Bovine serum products such as fetal bovine serum (FBS) are critical, nutrient-rich supplements frequently used in cell culture systems for a number of applications, including biotechnology, animal and human pharmaceutical and diagnostic manufacturing, and life-science research. Serum can be contaminated with adventitious agents that could increase its risk for use in cell culture systems. Bovine viral diarrhea virus (BVDV) is one of the most significant infectious diseases in the livestock industry worldwide because of its high prevalence, strong persistence, and severe clinical consequences (1). BVDV also is considered to be one of the most significant potential contaminants in mammalian cell culture because of its ability to reproduce in cells without causing notable cytopathic effects. Serum collection, manufacturing, and treatment processes must be rigorous to minimize their risk of including such contaminating agents.
Transmission of BVDV occurs both through contact with infected cattle (horizontally) and from dam to calf (vertically) (2). These viruses can be transmitted through direct contact, through bodily secretions, and by contact with the environment or objects such as soil and clothing. BVDV can persist for at least two weeks in a cool and moist environment, especially when abundant organic material is present (3). Following viral contact with the mucosal lining of an animal’s mouth or nose, replication takes place in epithelial cells. BVDV infection causes a wide range of nonspecific clinical signs, including fertility loss, decreased milk production, pyrexia, diarrhea, and fetal infection. Although the clinical signs generally are mild, especially in cattle that have been previously exposed and/or vaccinated, a severe acute form of BVD occasionally does occur. Known as mucosal disease, that form is associated with high morbidity and mortality rates (4).
BVDV infection of a cow either just before she conceives or during the first 18 days of gestation leads to future delayed conception and an increased interval from calving to conception. Infection during days 29–41 can result in embryonic infection and/or subsequent embryonic death. BVDV can cross the placental barrier in cattle, so fetuses are exposed to the virus from their dams’ exposure (5).
If a fetus is exposed to the virus between 80 and 150 days of gestation — before developing an independent immune system — then that fetus can become “persistently infected” (PI) (6). PI animals remain infected throughout their lifetimes, with no ability to produce an immune response to the strain with which they have been infected. PI animals are the most important reservoirs of BVDV, continuously excreting it in large quantities over the course of their lives (7). In addition, PI dams always produce PI fetuses and calves (8). These animals often fail to thrive and end up smaller than their peers; however, occasionally they can appear normal.
Eradication: Vaccination and Culling
Several modified–live-viral (MLV) and inactivated BVDV vaccines are available on the veterinary market. Challenge studies indicate that they can prevent fetal infection under experimental conditions, but some experts question the efficacy of such vaccines under field conditions.
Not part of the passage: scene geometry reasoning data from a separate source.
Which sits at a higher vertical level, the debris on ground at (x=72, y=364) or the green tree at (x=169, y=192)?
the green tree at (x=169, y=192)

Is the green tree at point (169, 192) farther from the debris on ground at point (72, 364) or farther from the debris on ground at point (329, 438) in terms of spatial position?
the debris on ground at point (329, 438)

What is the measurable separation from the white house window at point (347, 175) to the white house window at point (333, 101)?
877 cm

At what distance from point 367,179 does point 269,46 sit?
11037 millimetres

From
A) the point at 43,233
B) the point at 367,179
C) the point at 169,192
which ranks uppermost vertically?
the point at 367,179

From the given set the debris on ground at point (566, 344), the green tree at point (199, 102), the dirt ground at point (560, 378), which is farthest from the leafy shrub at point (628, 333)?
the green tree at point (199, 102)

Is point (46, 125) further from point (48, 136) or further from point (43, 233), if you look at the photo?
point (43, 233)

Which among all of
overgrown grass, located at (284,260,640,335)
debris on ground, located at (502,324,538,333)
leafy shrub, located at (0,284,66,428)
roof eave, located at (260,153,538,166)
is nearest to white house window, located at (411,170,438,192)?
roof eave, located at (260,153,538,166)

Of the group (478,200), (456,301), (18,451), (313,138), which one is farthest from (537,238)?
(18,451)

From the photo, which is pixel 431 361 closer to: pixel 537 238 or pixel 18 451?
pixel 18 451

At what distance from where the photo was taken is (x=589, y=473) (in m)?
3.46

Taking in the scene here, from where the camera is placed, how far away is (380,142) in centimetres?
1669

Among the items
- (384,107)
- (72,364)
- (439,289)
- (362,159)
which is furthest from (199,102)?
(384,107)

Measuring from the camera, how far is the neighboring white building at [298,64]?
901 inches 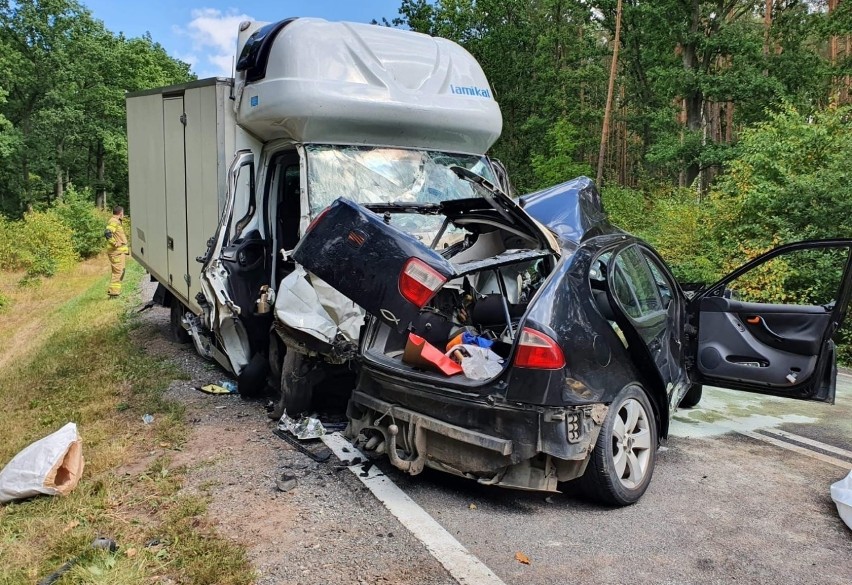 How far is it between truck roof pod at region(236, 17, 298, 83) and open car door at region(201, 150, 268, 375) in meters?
0.72

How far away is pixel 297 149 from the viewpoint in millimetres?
5410

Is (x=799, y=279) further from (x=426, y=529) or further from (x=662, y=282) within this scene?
(x=426, y=529)

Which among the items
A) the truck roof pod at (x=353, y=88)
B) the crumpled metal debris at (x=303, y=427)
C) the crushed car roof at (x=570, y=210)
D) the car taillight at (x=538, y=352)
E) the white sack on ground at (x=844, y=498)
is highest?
the truck roof pod at (x=353, y=88)

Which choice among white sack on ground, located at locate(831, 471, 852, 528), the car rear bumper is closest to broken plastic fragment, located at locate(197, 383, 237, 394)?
the car rear bumper

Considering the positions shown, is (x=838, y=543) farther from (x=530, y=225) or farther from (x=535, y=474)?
(x=530, y=225)

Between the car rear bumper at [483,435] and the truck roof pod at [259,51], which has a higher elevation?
the truck roof pod at [259,51]

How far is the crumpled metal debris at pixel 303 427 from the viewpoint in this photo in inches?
182

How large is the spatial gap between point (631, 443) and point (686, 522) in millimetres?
502

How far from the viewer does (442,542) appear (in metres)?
3.21

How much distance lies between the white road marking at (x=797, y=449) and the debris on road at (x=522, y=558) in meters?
2.63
A recent analysis of 45 studies in 40 published reports found that fetal infection in vaccinated animals posed roughly one-seventh the risk of unvaccinated controls regardless of the vaccine used (9). The risk was reduced further when considering only those studies involving a polyvalent vaccine or MLV vaccine.
Ultimately, the birth of PI calves into vaccinated herds suggests that both the type and timing of vaccinations can affect the efficacy of a vaccine when it is challenged by the transmitted viral load of PI cattle in the field.
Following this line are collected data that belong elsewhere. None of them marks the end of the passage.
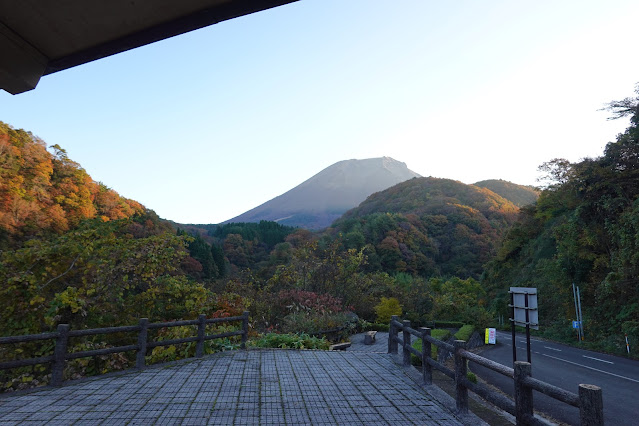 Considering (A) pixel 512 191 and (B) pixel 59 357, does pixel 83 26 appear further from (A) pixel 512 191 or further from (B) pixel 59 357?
(A) pixel 512 191

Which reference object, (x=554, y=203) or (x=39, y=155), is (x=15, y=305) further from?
(x=554, y=203)

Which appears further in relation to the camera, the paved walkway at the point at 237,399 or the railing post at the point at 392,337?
the railing post at the point at 392,337

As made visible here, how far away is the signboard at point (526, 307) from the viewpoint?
8.01 meters

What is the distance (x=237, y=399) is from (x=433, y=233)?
6661 cm

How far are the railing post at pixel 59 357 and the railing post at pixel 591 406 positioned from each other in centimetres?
711

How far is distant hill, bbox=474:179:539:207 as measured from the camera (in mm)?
109438

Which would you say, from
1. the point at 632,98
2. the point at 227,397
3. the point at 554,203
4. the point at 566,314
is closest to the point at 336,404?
the point at 227,397

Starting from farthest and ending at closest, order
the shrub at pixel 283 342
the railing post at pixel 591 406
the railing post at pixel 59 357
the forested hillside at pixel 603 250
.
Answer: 1. the forested hillside at pixel 603 250
2. the shrub at pixel 283 342
3. the railing post at pixel 59 357
4. the railing post at pixel 591 406

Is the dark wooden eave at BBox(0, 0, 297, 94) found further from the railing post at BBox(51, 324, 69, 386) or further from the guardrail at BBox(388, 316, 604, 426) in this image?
the railing post at BBox(51, 324, 69, 386)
The mainstay of eradication for BVDV disease is identification and removal of PI animals. Further incidence of PI disease and occurrence can be prevented at least partially by vaccination and high levels of biosecurity supported by continued surveillance. Scandinavian countries lead the way in BVDV eradication, having implemented an eradication program nearly 20 years ago. It took them about 10 years to reach the final stages of eradication. To be effective, the program continues to require ongoing monitoring of all cattle herds within each country (10, 11). Currently, Scandinavia and Switzerland have completed successful eradication programs, and several other European countries have BVDV eradication programs ongoing (11–13).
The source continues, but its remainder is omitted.